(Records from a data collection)
+--

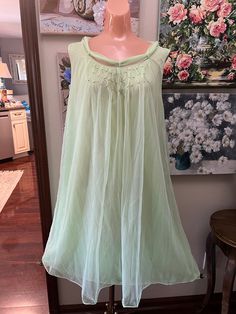 offered is a vintage 60s night gown by Pandora. I believe it to be unworn. It is in pristine condition. Lime green in color it is double nylon layers, the outer being floaty chiffon. The bodice is covered in tiny silver beads. The neckline has a attached scarf which goes through a loop at the back neckline and hangs gracefully. The gown is waltz length. Tagged as size large.  Bust measures 42 " Waist  48" Hips 50" Length from shoulder to hem is 39" Condition is excellent Green Summer Sleepwear For Wedding Night, Green Summer Wedding Night Sleepwear, Green Sleeveless Party Sleepwear, Green Sleeveless Summer Nightgown, Green Sheer Summer Sleepwear, Sheer Nightgown For Wedding Night In Spring, Spring Green Sleeveless Sleepwear, Green Sheer Sleepwear, Spring Chiffon Dresses For Wedding Night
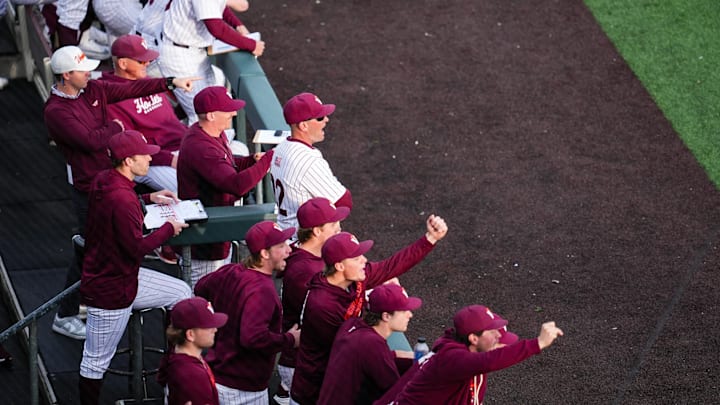 Virginia Tech dugout celebrating Virginia Tech dugout celebrating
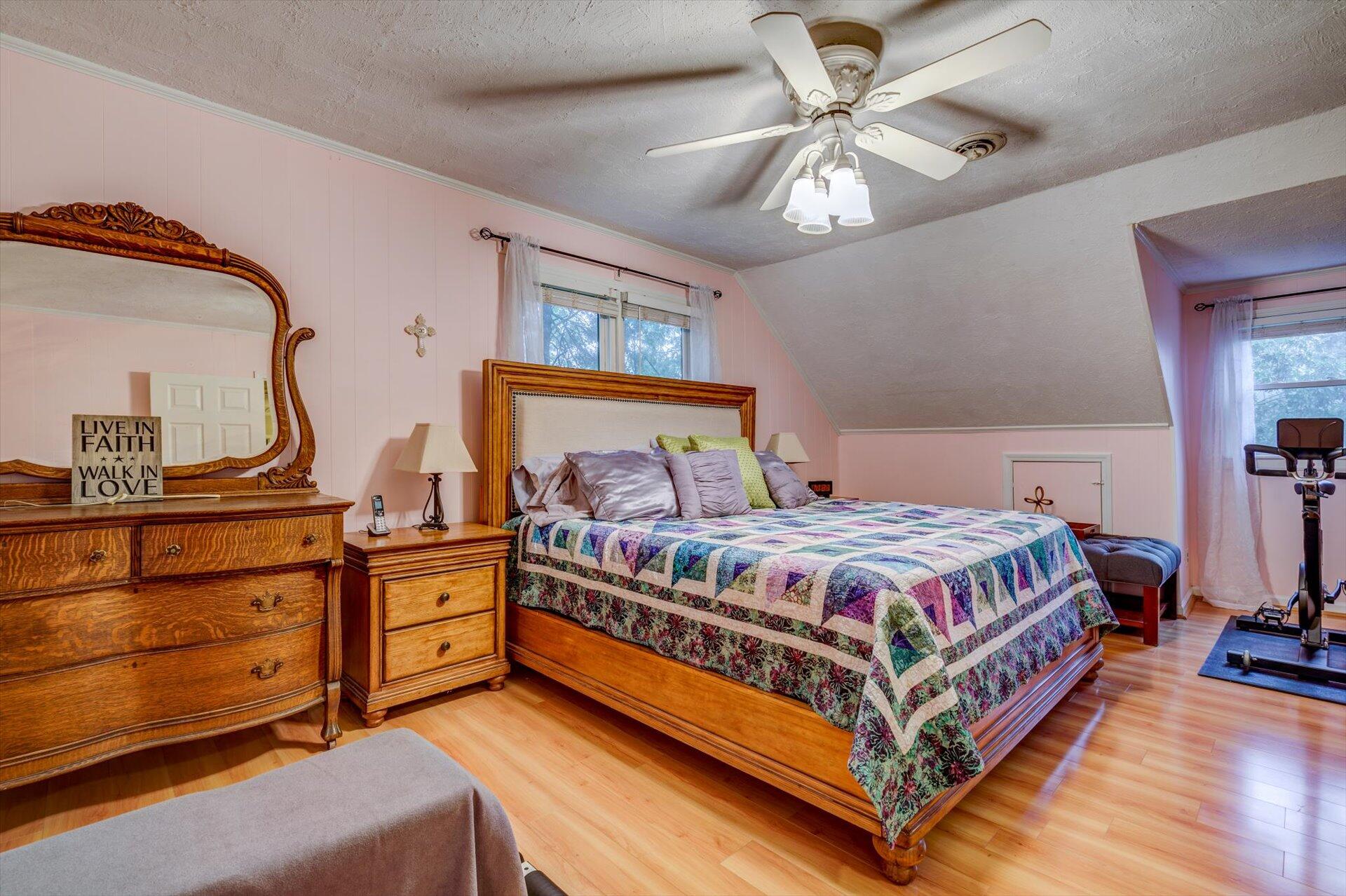 772 Skyview Road Salem, VA 24153 - Photo 25 of 41 a bedroom with a bed and a chandelier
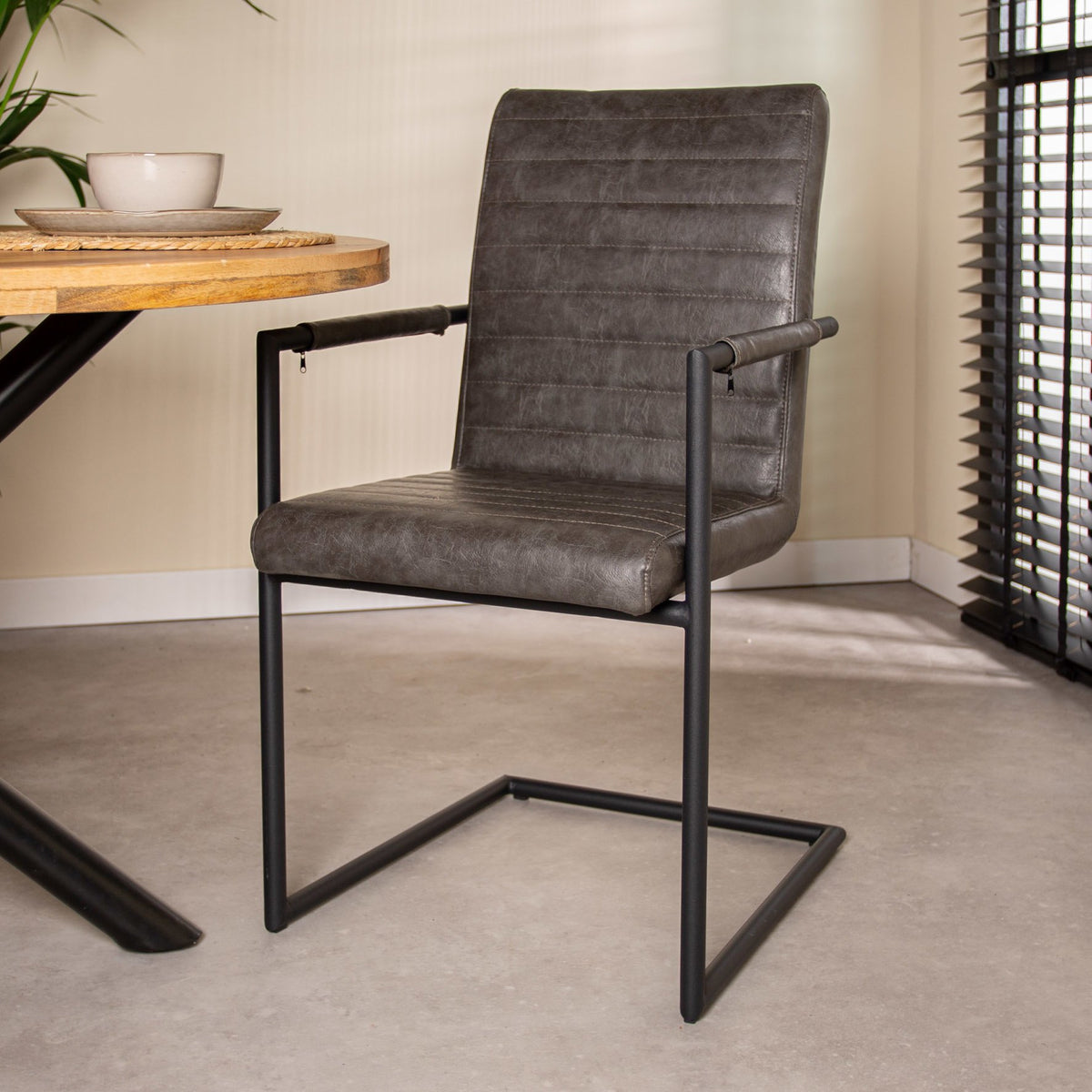 Dining room chair Bras Dimehouse Anthracite LxWxH 73x59x58 Faux leather Atmospheric photo diagonal front view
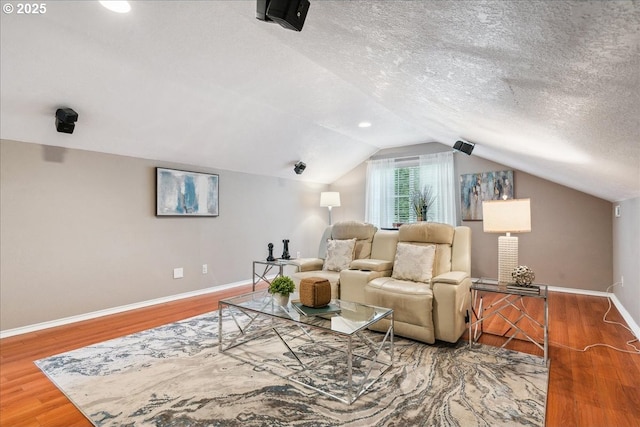 interior space featuring a textured ceiling, baseboards, wood finished floors, and lofted ceiling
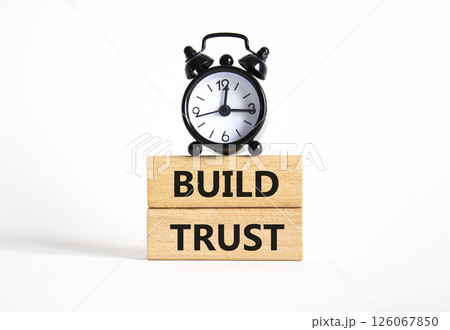 Build trust symbol. Wooden blocks with words Build trust. Beautiful white background with alarm clock. Business and Build trust concept. Copy space. 126067850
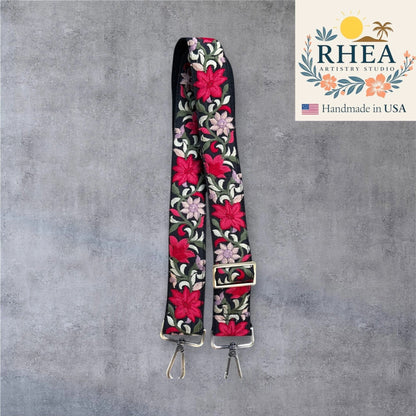 Rhea Artistry Studio black crossbody strap with vibrant red and pink floral embroidery, 1.5-inch width, adjustable length, and brushed brass hardware.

+--

Transcribe every line from the one with "Dining room chair" to the last line of the records above, exactly, excluding pictures.

 Dining room chair Bras Dimehouse Anthracite LxWxH 73x59x58 Faux leather Atmospheric photo diagonal front view
 interior space featuring a textured ceiling, baseboards, wood finished floors, and lofted ceiling
 Build trust symbol. Wooden blocks with words Build trust. Beautiful white background with alarm clock. Business and Build trust concept. Copy space. 126067850
 Rhea Artistry Studio black crossbody strap with vibrant red and pink floral embroidery, 1.5-inch width, adjustable length, and brushed brass hardware.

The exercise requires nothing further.